Every time the family celebrated a birthday or wedding, Bill’s mother Hilda would add that they had “two up in heaven”.

Today, Bill still has the last letter that his father wrote to her, saying, “I can only write four pages today Hilda because Ray’s writing love poems for paper.”

“I’ve even got the envelopes,” Bill said. “She kept them in a box and had them all neatly folded in it.”

Bill's father always signed off his letters in the exact same way.

Bill's father always signed off his letters in the exact same way.

Bill’s mother never remarried and treasured the letters for the rest of her life.

As the brothers were initially reported missing along with thousands of others, she did not learn of her husband’s fate until after the war when he was declared presumed dead in 1946.

The family’s story was told in an article in The Australian Women’s Weekly in July 1942.

“Yes, the waiting is terrible,” their mother Winifred said. “But I am quite confident my boys are safe and they will be coming back to us. I am sure all the other mothers feel the same.

“My four boys all going away together; it was a terrible blow, but I am so proud of them.”

When the family finally received letters from the two surviving brothers, now prisoners of war, in September 1943, their mother said, “I’m just praying for the next mail about the other two boys.

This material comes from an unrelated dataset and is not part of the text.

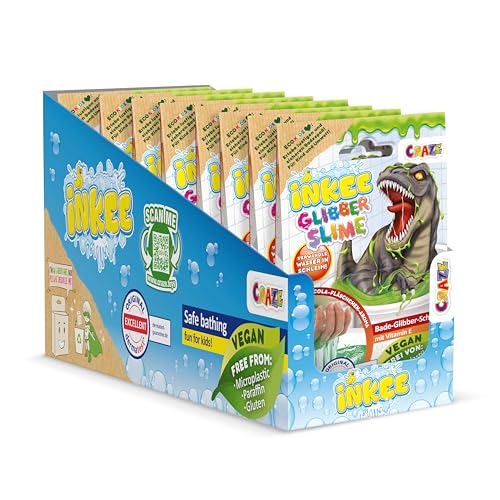 INKEE Bath Slime Dino 8er Set - Bade-Glibber Schleim mit Vitamin E, neon-grünes Badepulver mit Cola Gummies Aroma, komplettes Verkaufsdisplay 8X 100g Schleimpulver INKEE Bath Slime Dino 8er Set - Bade-Glibber Schleim mit Vitamin E, neon-grünes Badepulver mit Cola Gummies Aroma, komplettes Verkaufsdisplay 8X 100g Schleimpulver von INKEE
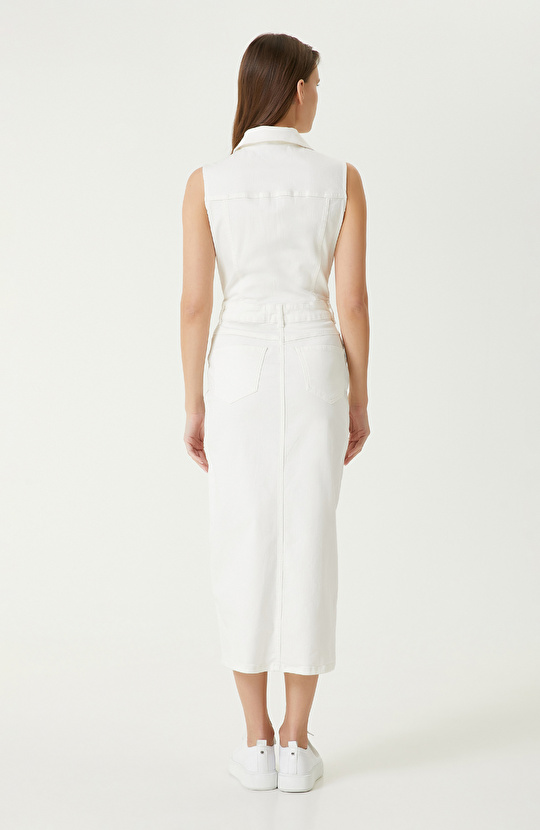 Kırık Beyaz Denim Elbise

I never gave up hope.”

Ted and Frank had been captured by the Japanese and were now prisoners of war together.

Anzac Day

Bill Colenso, second left, marched with his uncles, Les and Frank, on Anzac Day.

“It was horror on horror on horror,” Dianne said. “They used to go out to work every day, and if the Japanese caught you stealing it was head off and on to a stake by the side of the road.  They’d pass the rotting heads every day and they weren’t game to look because it might have been the Chinese fellow who had given them food the day before and risked his life at the fence for them…

“Ted got very sick and couldn’t work so Dad persuaded the doctor not to put him on sick call and he volunteered them both for woodcutting so that they would still get rice. Dad was a footballer, so although he wasn’t all that big, he was very strong, and he figured that he could put Uncle Ted in a hole, and he could do twice the work, and the Japanese wouldn’t know; that way Uncle Ted could still get food and no one would have to share.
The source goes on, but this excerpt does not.